Records shown
- - - - -

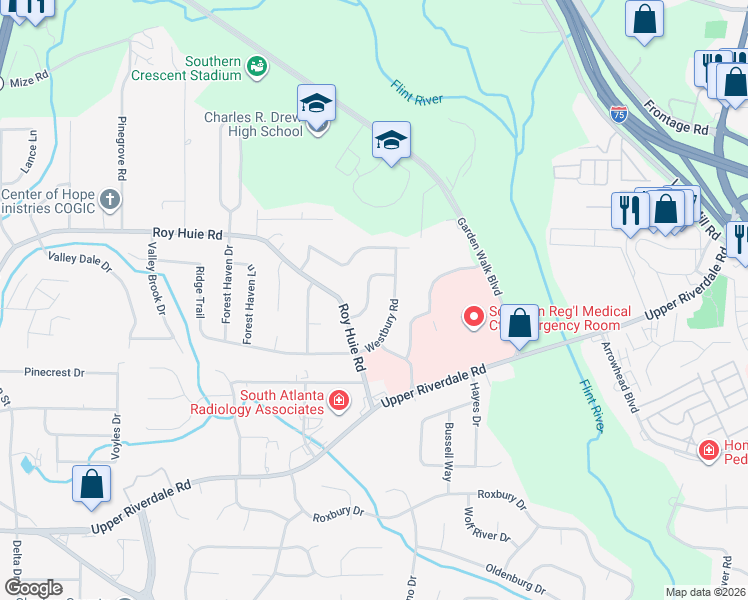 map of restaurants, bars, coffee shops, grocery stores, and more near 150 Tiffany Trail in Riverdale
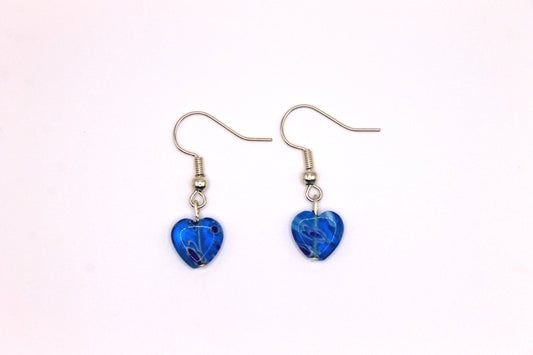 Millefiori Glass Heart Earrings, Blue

- - - - -

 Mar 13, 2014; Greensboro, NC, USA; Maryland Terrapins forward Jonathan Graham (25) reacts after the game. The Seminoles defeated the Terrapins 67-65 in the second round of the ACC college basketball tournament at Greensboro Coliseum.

- - - - -

Goal of the exercise
Extract, without any images, the part of the material above that opens with the line containing "map of restaurants, bars, coffee" and closes with the line containing "Millefiori Glass Heart Earrings, Blue", both lines included.

Result below
 map of restaurants, bars, coffee shops, grocery stores, and more near 150 Tiffany Trail in Riverdale
 Millefiori Glass Heart Earrings, Blue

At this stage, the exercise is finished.